- Exercise objective: Leave the pictures out, and transcribe the material below exactly from the line with "我要參加 2013年的 專(zhuān)升本考試,考公共" to the line with "Wise Leadership T-Shirt", both lines included.

- The data:
--*--

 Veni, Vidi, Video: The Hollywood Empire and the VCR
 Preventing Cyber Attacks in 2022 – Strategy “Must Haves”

--*--

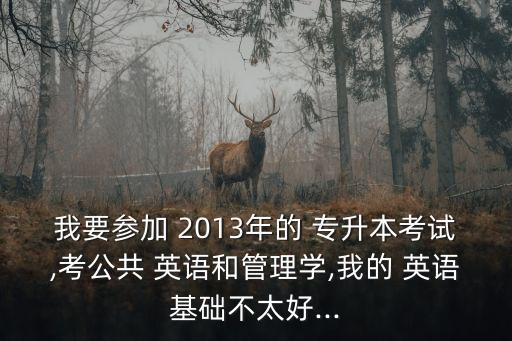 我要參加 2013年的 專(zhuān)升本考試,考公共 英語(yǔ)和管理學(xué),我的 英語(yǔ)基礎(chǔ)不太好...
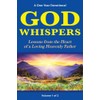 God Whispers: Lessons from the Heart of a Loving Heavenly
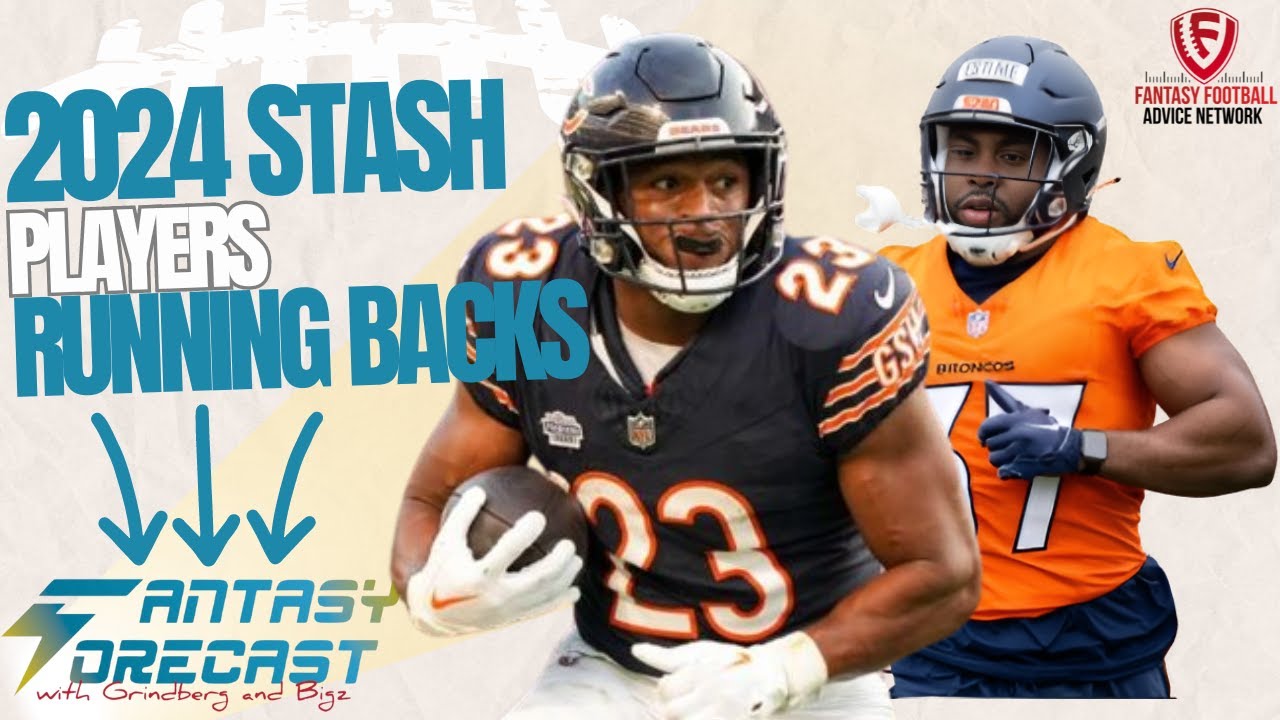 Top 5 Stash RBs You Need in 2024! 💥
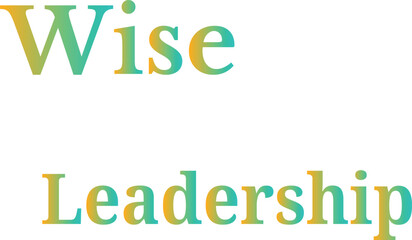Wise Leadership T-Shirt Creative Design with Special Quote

--*--

- Result for this exercise:
 我要參加 2013年的 專(zhuān)升本考試,考公共 英語(yǔ)和管理學(xué),我的 英語(yǔ)基礎(chǔ)不太好...
 God Whispers: Lessons from the Heart of a Loving Heavenly
 Top 5 Stash RBs You Need in 2024! 💥
Wise Leadership T-Shirt Creative Design with Special Quote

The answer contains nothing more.